`nn::Trainer<OptimizerType, LossType>`

Trainer is the training loop engine. It owns no model weights — it receives a Module*, an optimizer, a loss function, and a graph arena, then runs the forward → loss → backward → step cycle for as many epochs as you ask for.

nn::Model::train() is a wrapper around Trainer. You only need to use Trainer directly when you want a combination of optimizer and loss that Model doesn't expose, or when you need full control over the training loop.

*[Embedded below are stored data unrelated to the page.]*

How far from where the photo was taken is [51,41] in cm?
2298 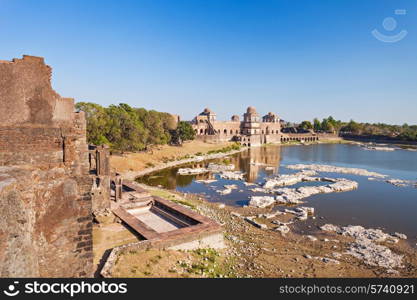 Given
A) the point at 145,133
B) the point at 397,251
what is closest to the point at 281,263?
the point at 397,251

Header: include/nn/training/trainer.hpp
Namespace: gradientcore::nn

What it calls

On every batch, Trainer calls module->forward(graph_arena, x) → criterion->forward(graph_arena, pred, y) → autograd::backward(graph_arena, loss) → optimizer.step(graph_arena) → graph_arena->pop_to(saved_pos). The graph arena is rewound after every batch, so all intermediate tensors and graph nodes are freed automatically.

Class Template

template <typename OptimizerType, typename LossType>
class Trainer {
public:
    Trainer(Module       *model,
            OptimizerType *optimizer,
            LossType      *criterion,
            Arena         *graph_arena);

    void set_verbose(bool v);

    bool validate_data(const std::vector<std::vector<float>> &X,
                       const std::vector<std::vector<float>> &Y);

    // Train from raw vectors
    TrainingStats fit(const std::vector<std::vector<float>> &X_train,
                      const std::vector<std::vector<float>> &Y_train,
                      uint32_t epochs,
                      uint32_t batch_size   = 32,
                      uint32_t log_interval = 100);

    // Train from a DataLoader
    TrainingStats fit_dataloader(data::DataLoader *dataloader,
                                 uint32_t epochs,
                                 uint32_t log_interval = 100);

    // Evaluate from raw vectors
    float evaluate(const std::vector<std::vector<float>> &X_test,
                   const std::vector<std::vector<float>> &Y_test);

    // Evaluate from a DataLoader
    float evaluate_dataloader(data::DataLoader *dataloader);
};

OptimizerType must have zero_grad() and step(Arena*) methods (all optimizers in gradientcore::optim satisfy this). LossType must have a forward(Arena*, Variable*, Variable*) method (all nn::LossFunction subclasses satisfy this).

Constructor

Trainer<optim::Adam, nn::CrossEntropyLoss> trainer(
    model_seq,       // nn::Module* — the Sequential or any Module
    &adam_opt,       // OptimizerType* — already constructed with params
    &cross_entropy,  // LossType*
    graph_arena      // Arena* — the graph arena
);

The constructor prints errors to stderr if any pointer is null, but does not abort. A null pointer will cause a crash when fit is called — construct your objects before creating the Trainer.

`set_verbose(bool)`

trainer.set_verbose(true);   // print epoch loss (default: true)
trainer.set_verbose(false);  // silent training

When verbose = true, the trainer prints a configuration summary before training starts and logs loss at the epoch interval set by log_interval.

`validate_data`

bool ok = trainer.validate_data(X, Y);

Checks that:

X and Y are non-empty.
X.size() == Y.size() (same number of samples).
All rows in X have the same number of columns.
All rows in Y have the same number of columns.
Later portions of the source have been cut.